Immanuel Lutheran College, located in Eau Claire, Wisconsin, since 1963, is a high school, college, and seminary campus of the Church of the Lutheran Confession (CLC).

== History ==
Immanuel Lutheran College began in 1959 in Mankato, Minnesota, where it was founded by Immanuel Lutheran Church. Student originally took secular courses at Minnesota State University and religion courses at the college. It was incorporated into the Church of the Lutheran Confession (CLC) in 1961, and a new building was constructed in Eau Claire, Wisconsin, in 1963, where classes began in September of that year.

== High school ==
Immanuel Lutheran High School enrolls 110–120 students in grades 9–12 each year, making it the largest section of Immanuel's three levels of schooling. The school is residential, and students take traditional high school courses along with religion classes. The high school also offers various athletic and extracurricular events for students.

=== Athletics ===
Immanuel Lutheran High School's athletic teams are known as the Lancers, and their colors are green and gold. They have been affiliated with the Dairyland Conference since 2000.

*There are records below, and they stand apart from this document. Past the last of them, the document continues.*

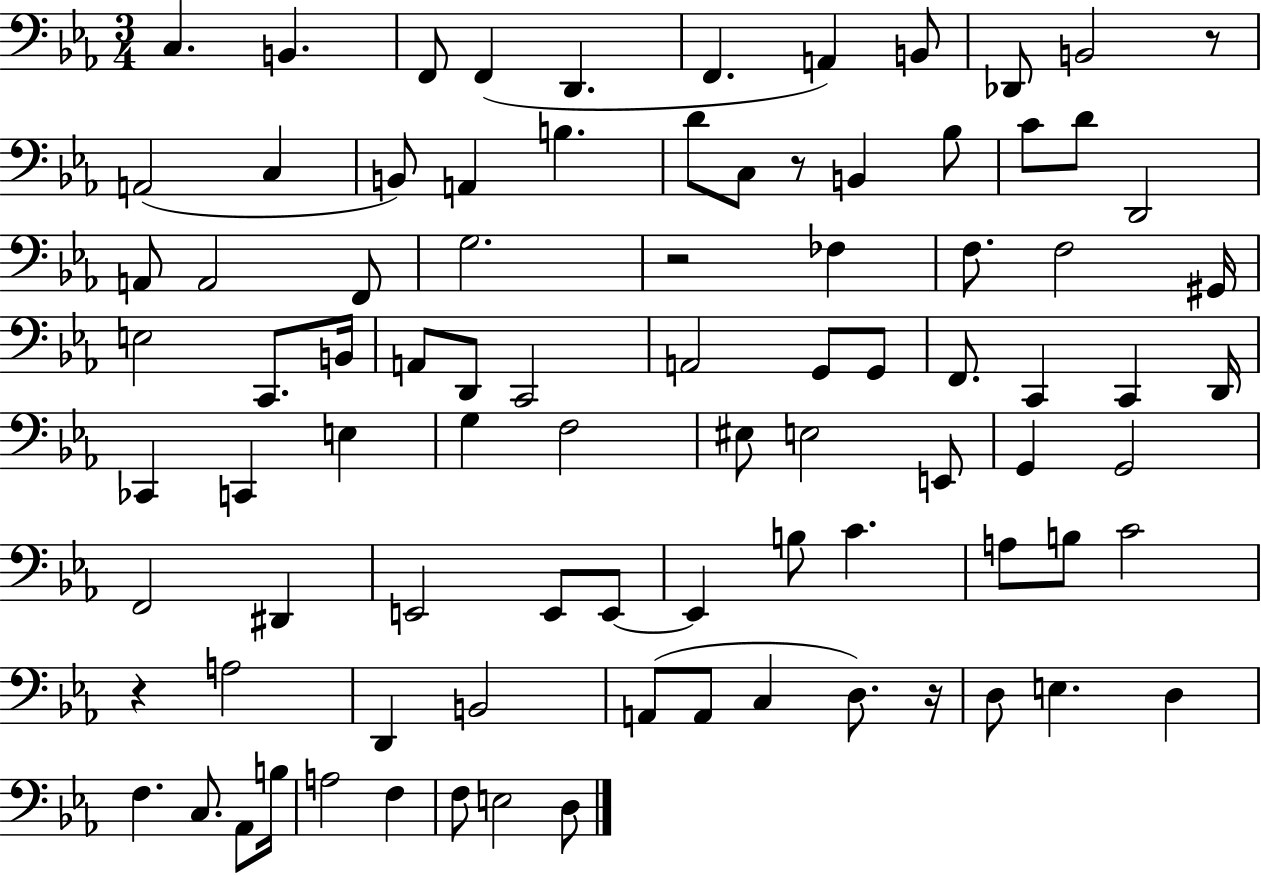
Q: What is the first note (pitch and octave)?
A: C3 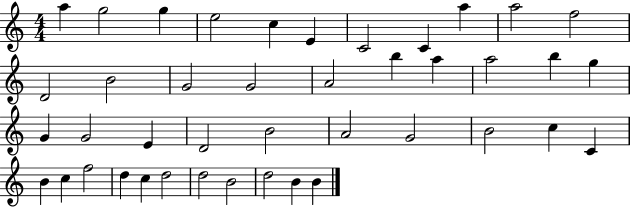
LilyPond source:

{
  \clef treble
  \numericTimeSignature
  \time 4/4
  \key c \major
  a''4 g''2 g''4 | e''2 c''4 e'4 | c'2 c'4 a''4 | a''2 f''2 | \break d'2 b'2 | g'2 g'2 | a'2 b''4 a''4 | a''2 b''4 g''4 | \break g'4 g'2 e'4 | d'2 b'2 | a'2 g'2 | b'2 c''4 c'4 | \break b'4 c''4 f''2 | d''4 c''4 d''2 | d''2 b'2 | d''2 b'4 b'4 | \break \bar "|."
} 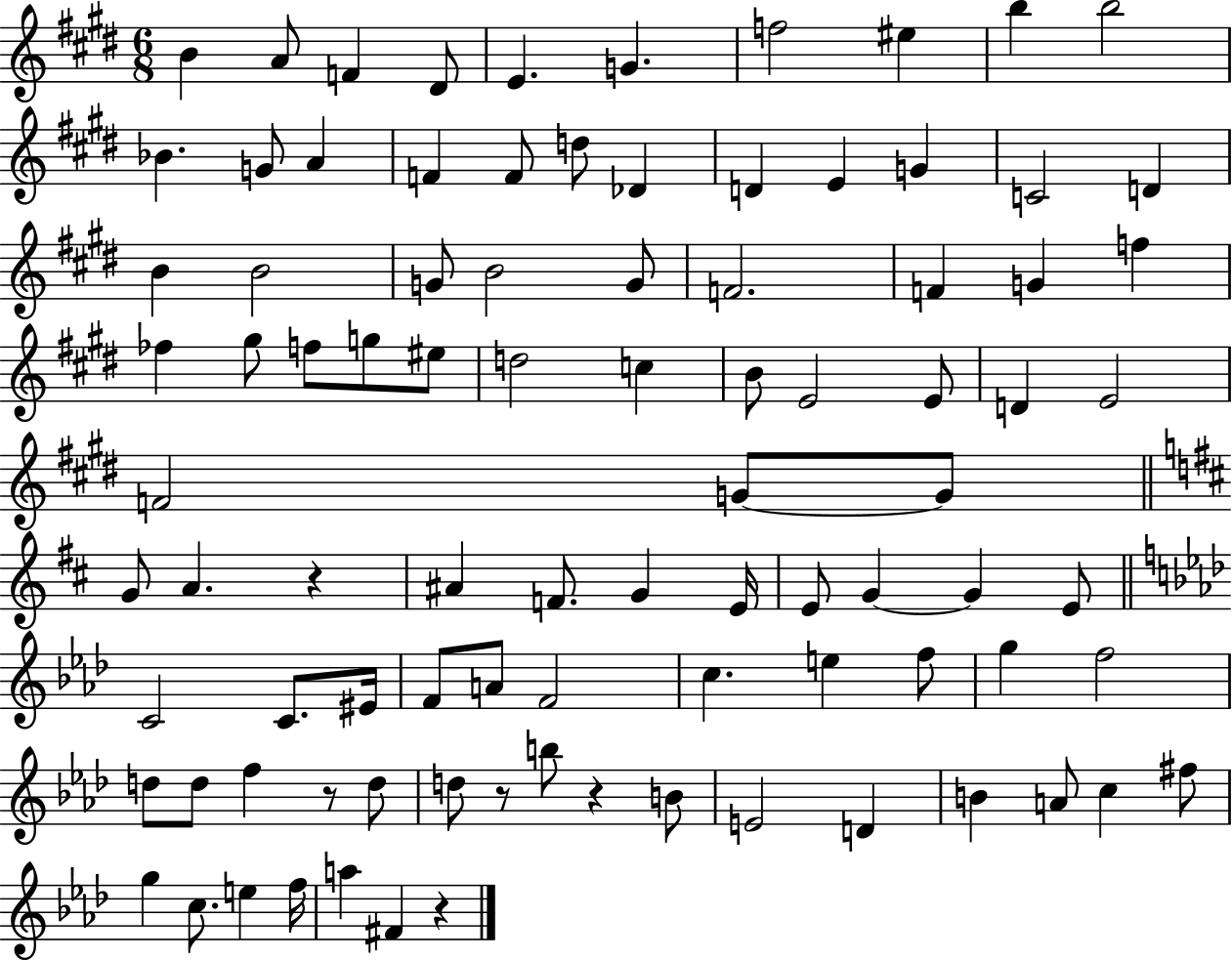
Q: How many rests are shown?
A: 5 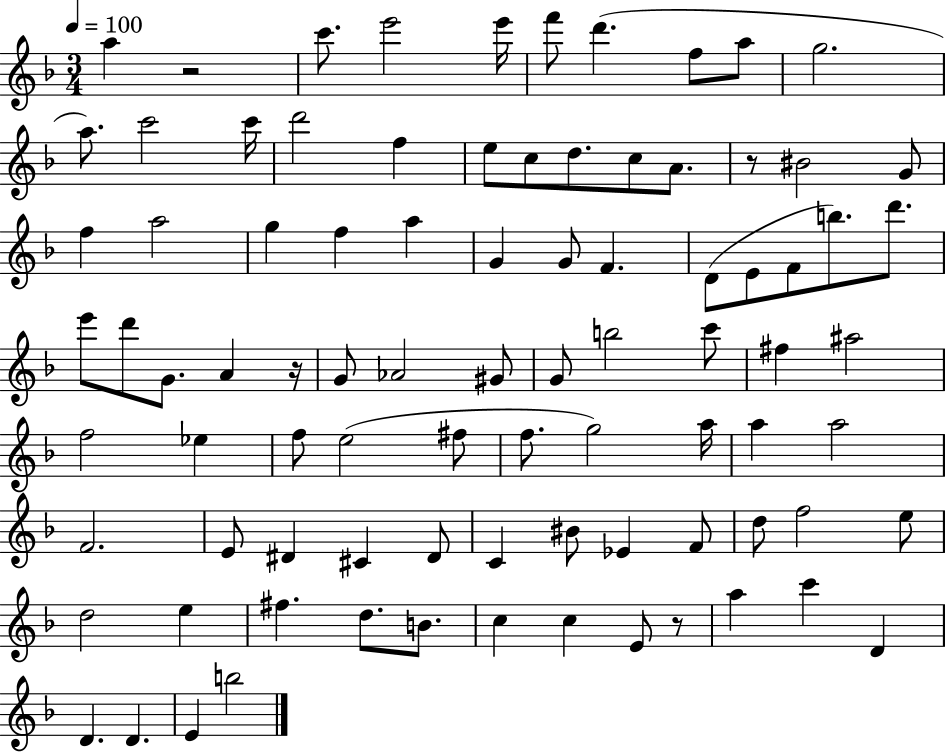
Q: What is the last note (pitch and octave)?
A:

==== Athletic conference affiliation history ====

- West Central Conference (1966–1977)
- Dairyland Conference (2000–present)

== College ==
Immanuel Lutheran College is also residential, and it offers four degrees:

- Associate of Arts in Liberal Arts
- Bachelor of Science in Elementary Education
- Bachelor of Arts in Pre-Theology
- Bachelor of Arts in Religious Studies

It also has a college choir, which has had small tours in the United States performing at CLC churches.

== Seminary ==
Immanuel Lutheran Seminary is a three-year seminary program which exists to train men as pastors for CLC-associated churches. The seminary does not enroll women.

== Campus ==
The college sits on 80 acre of land and is composed of several buildings, including the Academic Center, Ingram Hall (seminary building), three dormitories (segregated by gender), and the Commons. The school also has a field house near its athletic fields, and a set of ten houses for professors called Prof Row.